Sejak beberapa waktu lalu ia memegang KTL sebagai gali. Menurut
ayahnya, Kapten Purnawirawan Soekardjo, Enggar melapor karena
disuruh olehnya. Gara-garanya, Enggar yang pernah menjadi
anggota Kopasgat itu, pernah bikin ribut ketika minta jatah
kapling kepada Lurah Bogem. "Setahu saya, meski sejak SMP
nakalnya bukan main, ia tak pernah 'menggali'," kata Soekardjo.

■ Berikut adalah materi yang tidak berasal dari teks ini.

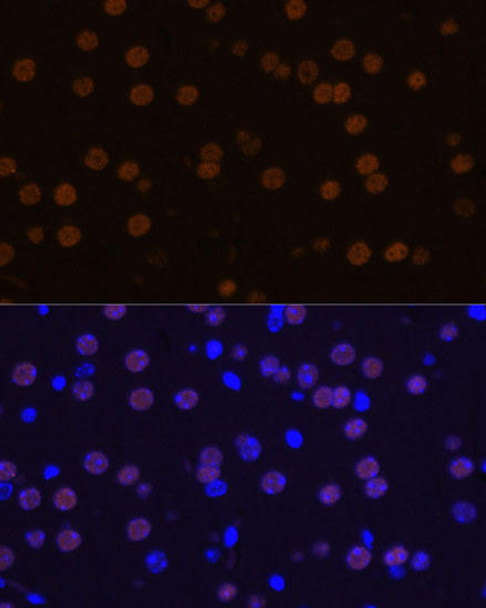 Cell Death Antibodies 1 Anti-MEF2C Antibody CAB12385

Di desanya, yang terletak di tepian jalan raya antara Yogya dan
Solo, Enggar membuka bengkel sepeda motor. Di rumah kontrakannya
itu juga ia membuka toko bahan bangunan.
Dan Senin malam 6 Juni itu, ia memang sedang membicarakan soal
jual-beli kayu dengan Notosudiro, pamong desa. Enggar menerima
uang panjar Rp 50 ribu. Sekonyong-konyong dari arah pintu,
terdengar teriakan yang memerintahkan agar Enggar tiarap. Pria
jangkung berbadan tegap itu kontan menjatuhkan diri. Dua lelaki
yang mengacungkan pistol, segera memborgol tangan Enggar,
membawanya naik jip dan tancap gas ke arah Yogya.
Salah seorang penculik suaminya, menurut Vonny, bertubuh tinggi
besar, berkulit hitam, mengenakan jaket dan pakaian warna gelap.
"Wajahnya mirip orang Arab," kata ibu dua anak itu. Ia masih
"beruntung" karena bisa mengenali wajah penculik suaminya.
Sebaliknya Nyonya Neneng. Ia hampir-hampir tak melihat siapa
yang 'menjemput" suaminya, Suraji, pada 31 Mei malam lalu.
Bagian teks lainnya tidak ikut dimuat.